WORK ITEM: Could you give the entries back exactly as they stand, minus any pictures?
╭─ RECORDS PROVIDED
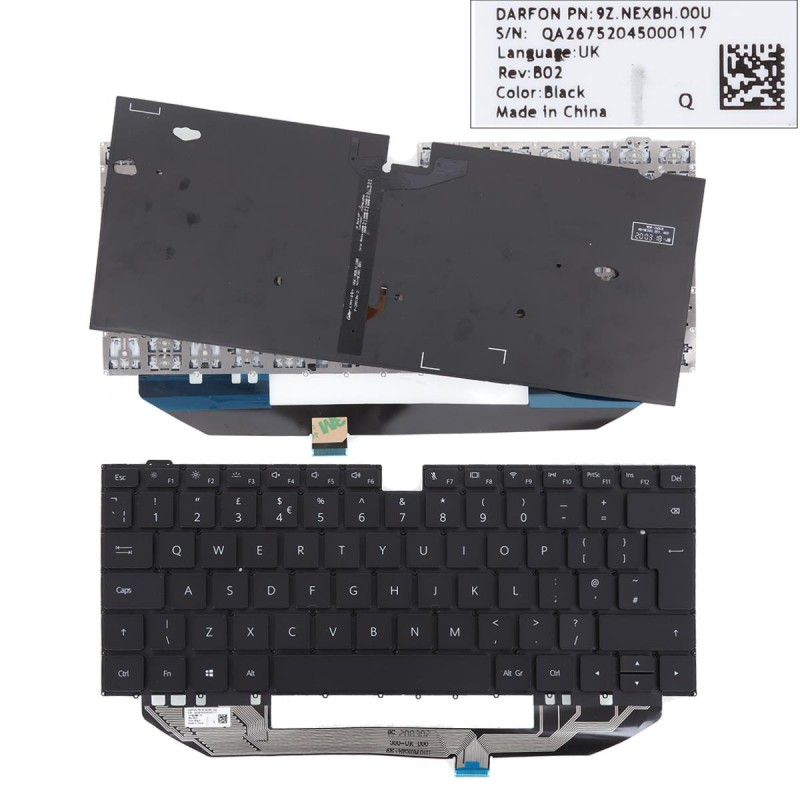 Πληκτρολόγιο Huawei MateBook X Pro MACH W19 W29, Μαύρο, UK, Backlit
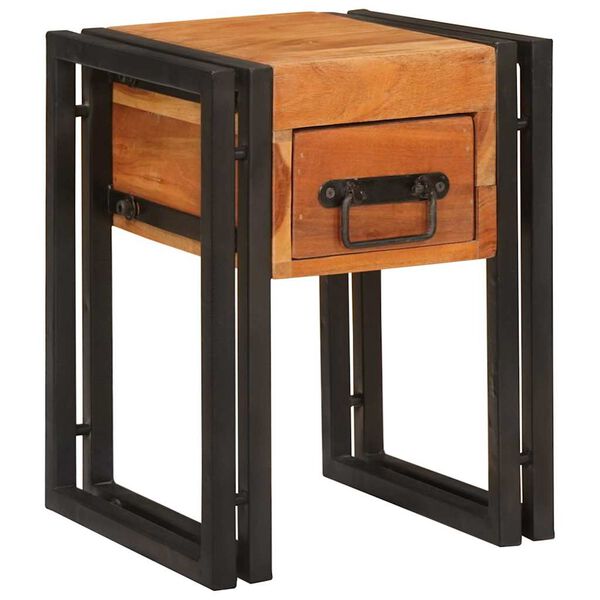 vidaXL End Table 11.81 x 11.81 x 15.75 in Solid Acacia Wood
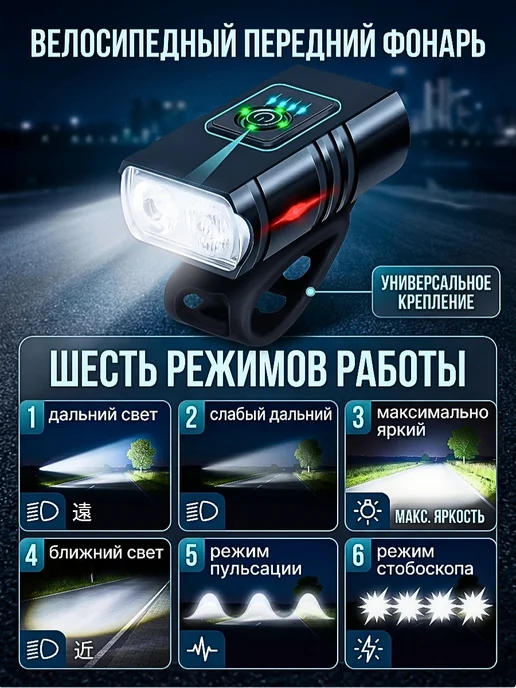 PyurMax Фонарь для велосипеда передний задний, черный, фото 2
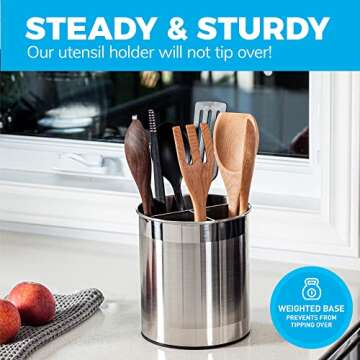 Extra Large Rotating Stainless Steel Utensil Holder Caddy
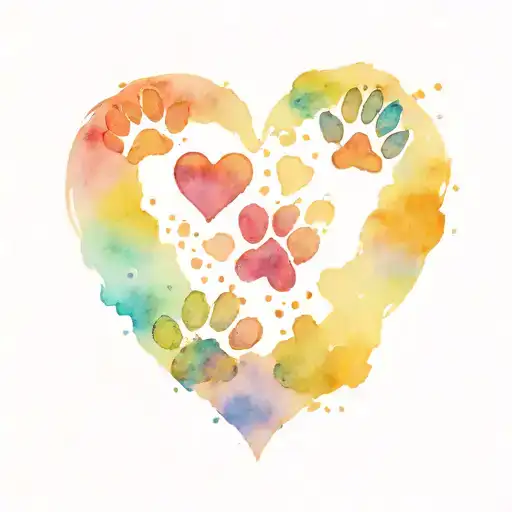 heart / paw prints tattoo design idea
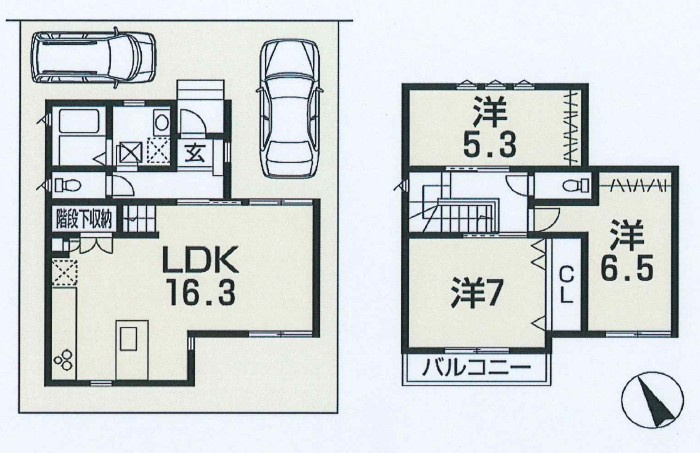 野洲市栄　新築戸建の間取り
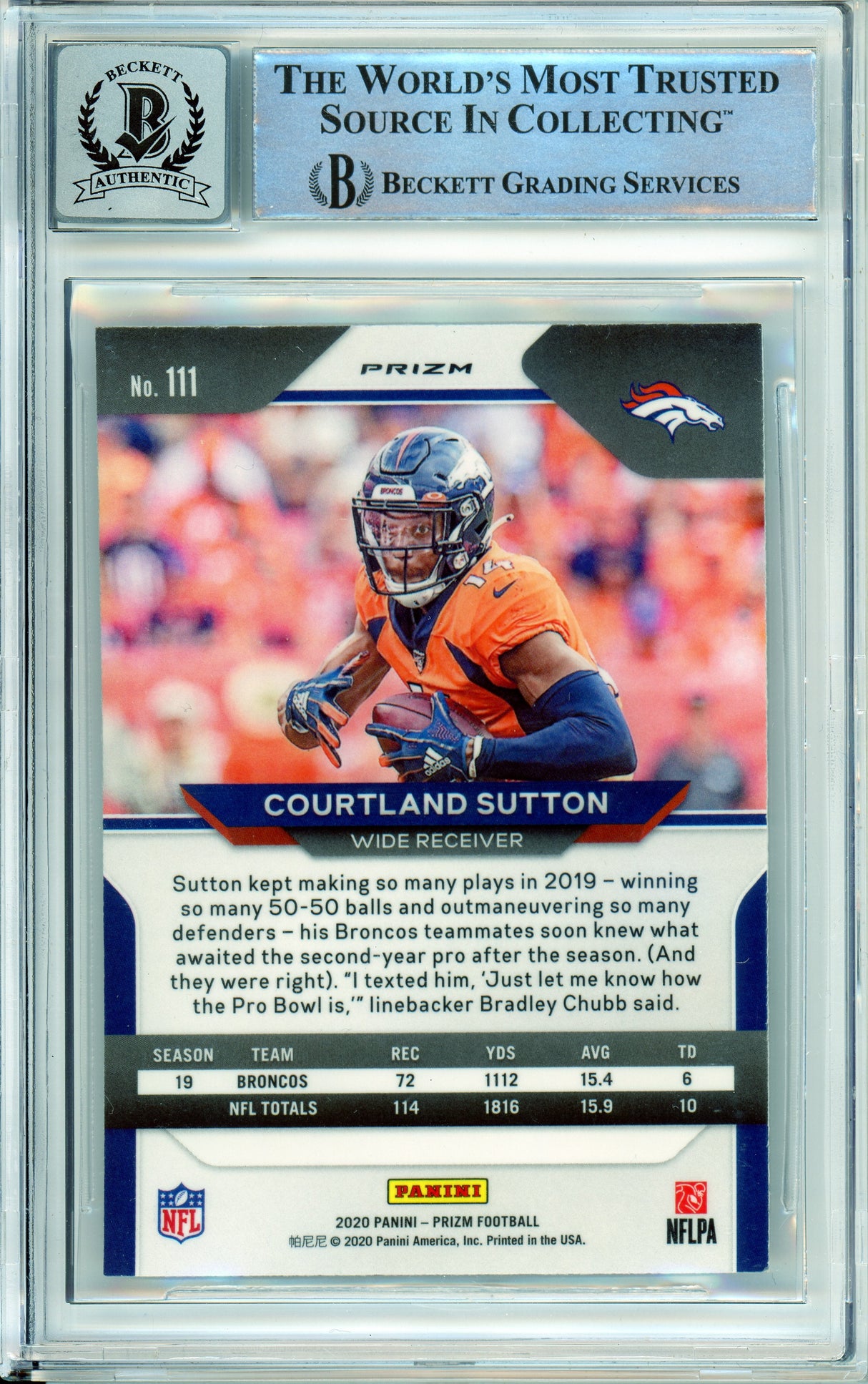 2020 Panini Prizm Silver #111 Courtland Sutton Broncos BAS Autograph 10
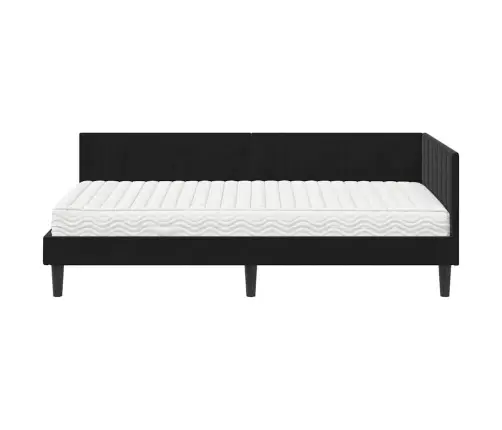 Kampinė Lovos Konstrukcija Su Čiužiniu 2 Pcs Juoda Aksomas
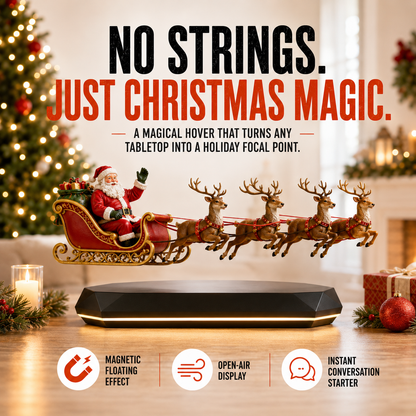 🎅 Floating Santa Sleigh with 4 Reindeer – Magnetic Levitation Christmas Display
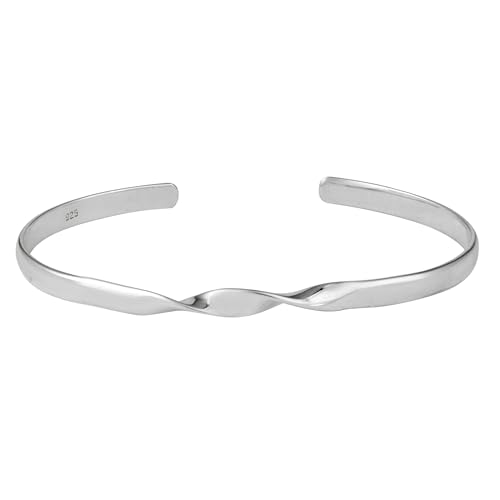 Silverly 925 Sterling Silver Twisted Cuff Bangle for Women - Thin Flat Open Bangle - Simple Stacking Bracelets for Everyday Wear - Contemporary Essential Jewelry - Gift for Mum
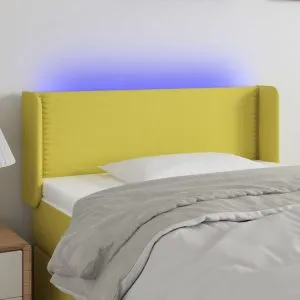 Tăblie de pat cu LED, verde, 83x16x78/88 cm, textil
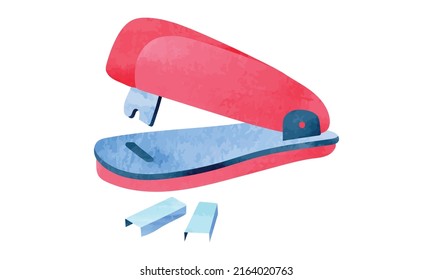 
Stapler and staples watercolor style vector illustration isolated on white background. Red office stapler and staples watercolor clipart. Stapling equipment for work or education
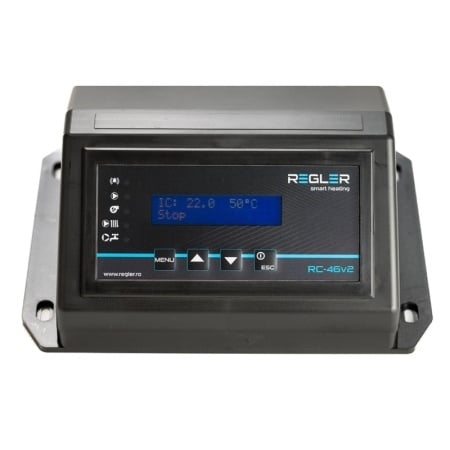Controler centrala pe lemne/carbune REGLER RC 46v2, comanda pompa IC, pompa ACM si ventilator, optional termostat de ambient si senzor gaze arse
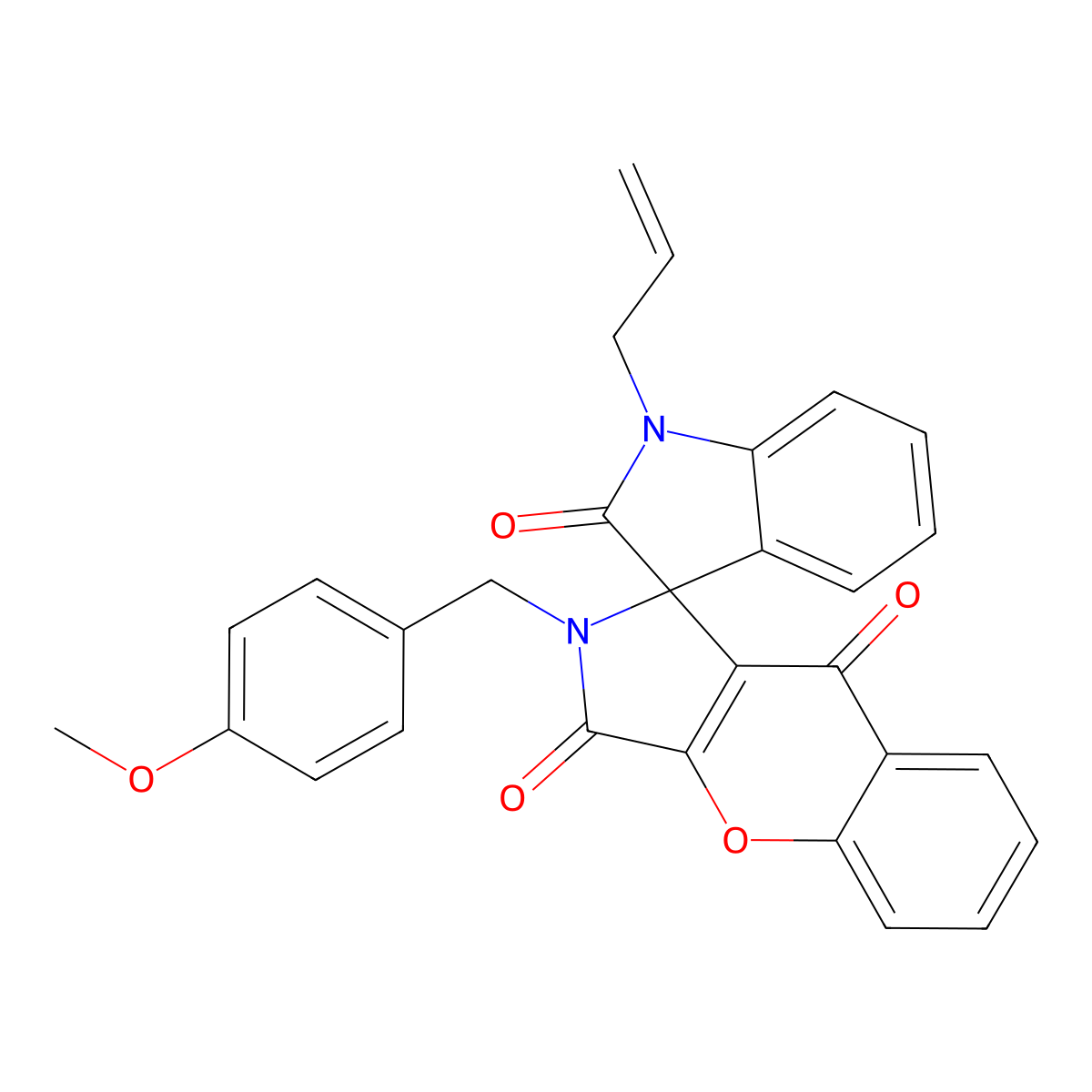 2-[(4-Methoxyphenyl)methyl]-1'-prop-2-enylspiro[chromeno[2,3-c]pyrrole-1,3'-indole]-2',3,9-trione molecular structure, CAS 838269-60-6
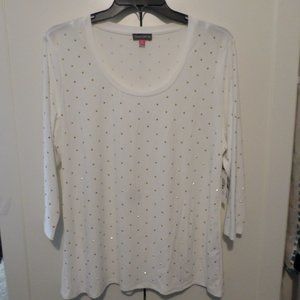 Vince Camuto Golden Rivet Embellished Long Sleeve Stretch Jersey Knit Top XL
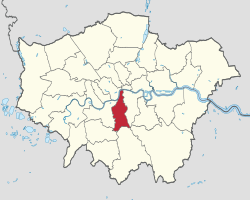 Kaupungin kartta, jossa Lambeth korostettuna.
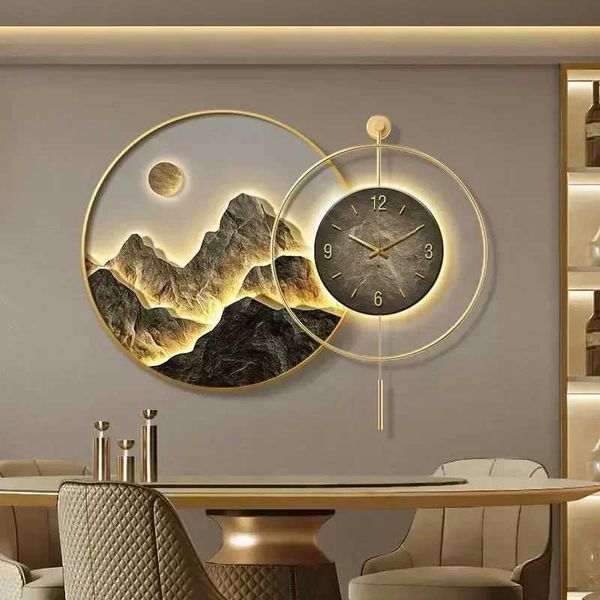 Wanduhren dekorative Malerei mit Uhr Rückenhänge High-End Wohnzimmer Landschaft Beleuchtung Luxus Wandbild Q240509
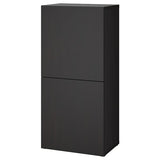 BESTÅ shelf unit with doors, black-brown/Lappviken black-brown, 60x42x129 cm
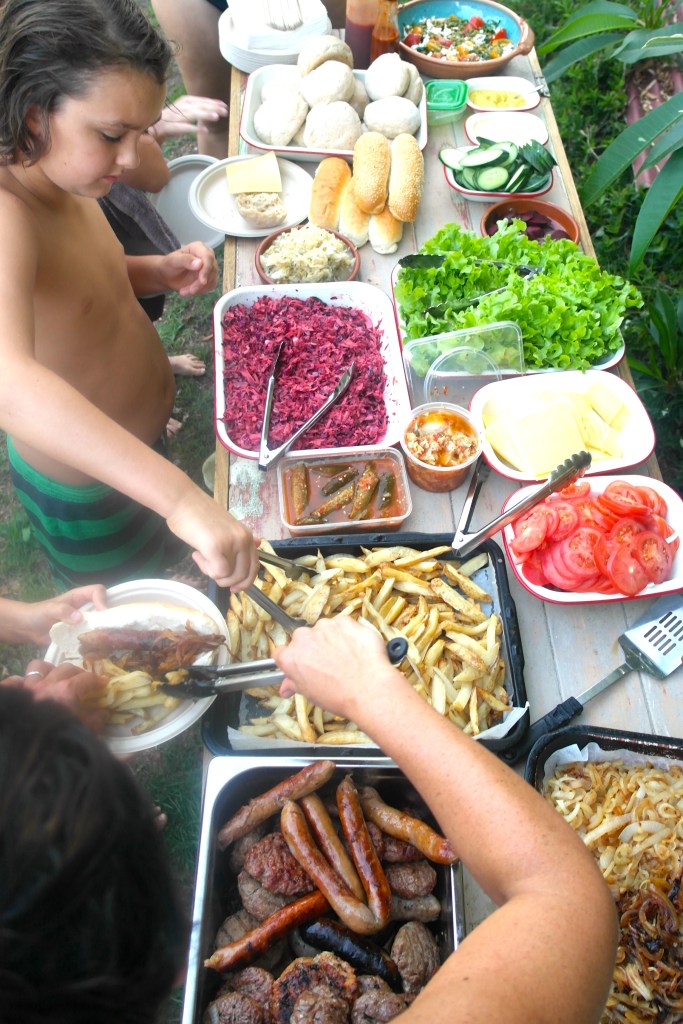 Burgers, sausages, oven chips and a heap of good shit to whack into the buns including home made kimchi and cucumber kimchi. Hashtag mynewfavourites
╰─
FINISHED EXERCISE:
 Πληκτρολόγιο Huawei MateBook X Pro MACH W19 W29, Μαύρο, UK, Backlit
 vidaXL End Table 11.81 x 11.81 x 15.75 in Solid Acacia Wood
 PyurMax Фонарь для велосипеда передний задний, черный, фото 2
 Extra Large Rotating Stainless Steel Utensil Holder Caddy
 heart / paw prints tattoo design idea
 野洲市栄　新築戸建の間取り
 2020 Panini Prizm Silver #111 Courtland Sutton Broncos BAS Autograph 10
 Kampinė Lovos Konstrukcija Su Čiužiniu 2 Pcs Juoda Aksomas
 🎅 Floating Santa Sleigh with 4 Reindeer – Magnetic Levitation Christmas Display
 Silverly 925 Sterling Silver Twisted Cuff Bangle for Women - Thin Flat Open Bangle - Simple Stacking Bracelets for Everyday Wear - Contemporary Essential Jewelry - Gift for Mum
 Tăblie de pat cu LED, verde, 83x16x78/88 cm, textil
Stapler and staples watercolor style vector illustration isolated on white background. Red office stapler and staples watercolor clipart. Stapling equipment for work or education
Controler centrala pe lemne/carbune REGLER RC 46v2, comanda pompa IC, pompa ACM si ventilator, optional termostat de ambient si senzor gaze arse
 2-[(4-Methoxyphenyl)methyl]-1'-prop-2-enylspiro[chromeno[2,3-c]pyrrole-1,3'-indole]-2',3,9-trione molecular structure, CAS 838269-60-6
 Vince Camuto Golden Rivet Embellished Long Sleeve Stretch Jersey Knit Top XL
 Kaupungin kartta, jossa Lambeth korostettuna.
 Wanduhren dekorative Malerei mit Uhr Rückenhänge High-End Wohnzimmer Landschaft Beleuchtung Luxus Wandbild Q240509
 BESTÅ shelf unit with doors, black-brown/Lappviken black-brown, 60x42x129 cm
 Burgers, sausages, oven chips and a heap of good shit to whack into the buns including home made kimchi and cucumber kimchi. Hashtag mynewfavourites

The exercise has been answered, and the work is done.